> [Exercise goal]:
The answer must be an exact copy of the records below, with every picture left out.

*** Opening Extracted data ***

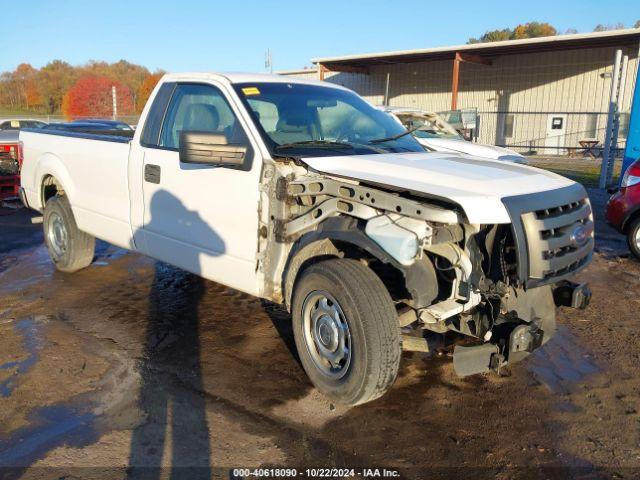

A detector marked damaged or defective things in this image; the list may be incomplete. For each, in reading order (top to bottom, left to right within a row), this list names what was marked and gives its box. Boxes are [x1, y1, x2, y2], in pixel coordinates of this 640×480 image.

crumpled hood [420, 137, 524, 163]
crumpled hood [304, 151, 576, 224]
damaged front bumper [452, 280, 592, 376]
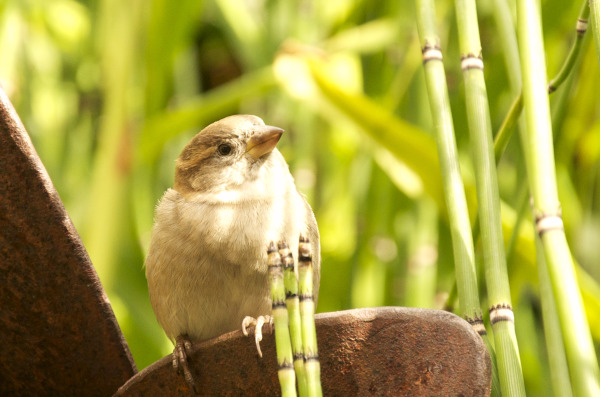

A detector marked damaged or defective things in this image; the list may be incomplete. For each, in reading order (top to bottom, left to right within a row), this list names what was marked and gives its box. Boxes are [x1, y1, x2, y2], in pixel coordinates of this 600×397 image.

*** Closing Extracted data ***

> [Answer to this task]:
A detector marked damaged or defective things in this image; the list may be incomplete. For each, in reading order (top to bottom, left to right within a row), this list names what was marked and gives its box. Boxes are [x1, y1, x2, y2], in pixel coordinates of this 640×480 image.

crumpled hood [420, 137, 524, 163]
crumpled hood [304, 151, 576, 224]
damaged front bumper [452, 280, 592, 376]

A detector marked damaged or defective things in this image; the list may be incomplete. For each, in reading order (top to bottom, left to right within a row), this list names what was marked and gives its box. Boxes are [x1, y1, x2, y2], in pixel coordinates of this 600×397 image.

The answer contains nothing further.